• WORK TASK
Give back exactly the lines from the one holding "Tartan Vibes Clothing" to the bottom of the material, both included, and nothing more. No pictures.

• DATASET SECTION
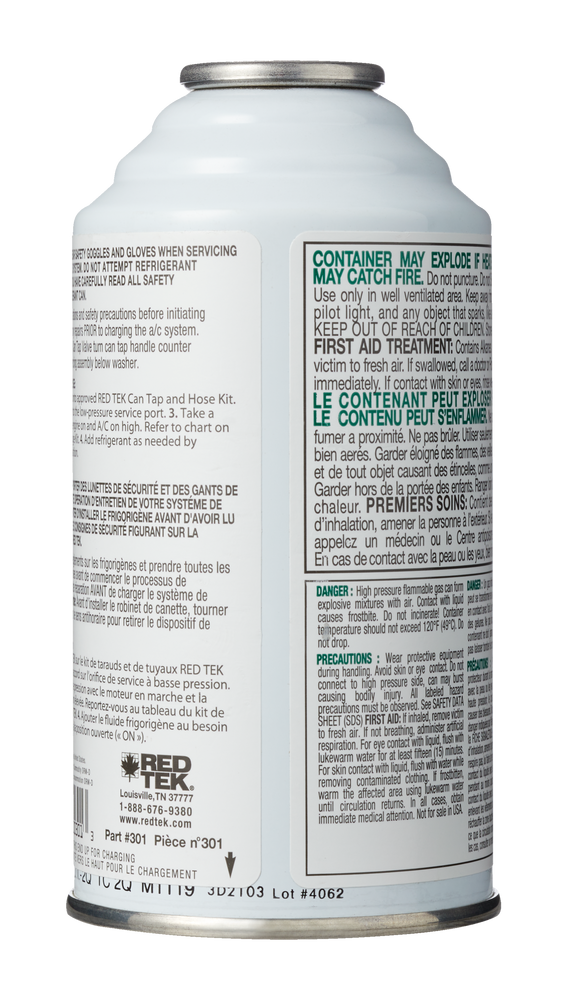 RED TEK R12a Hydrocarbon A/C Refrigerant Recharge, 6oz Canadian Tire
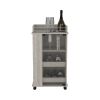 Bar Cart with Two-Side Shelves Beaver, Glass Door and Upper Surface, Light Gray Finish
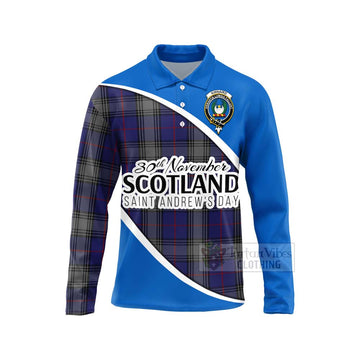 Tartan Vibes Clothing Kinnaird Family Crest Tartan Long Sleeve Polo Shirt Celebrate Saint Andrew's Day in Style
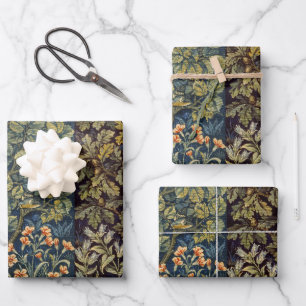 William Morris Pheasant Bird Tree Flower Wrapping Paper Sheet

• SOLUTION TO THE PROBLEM
 Tartan Vibes Clothing Kinnaird Family Crest Tartan Long Sleeve Polo Shirt Celebrate Saint Andrew's Day in Style
 William Morris Pheasant Bird Tree Flower Wrapping Paper Sheet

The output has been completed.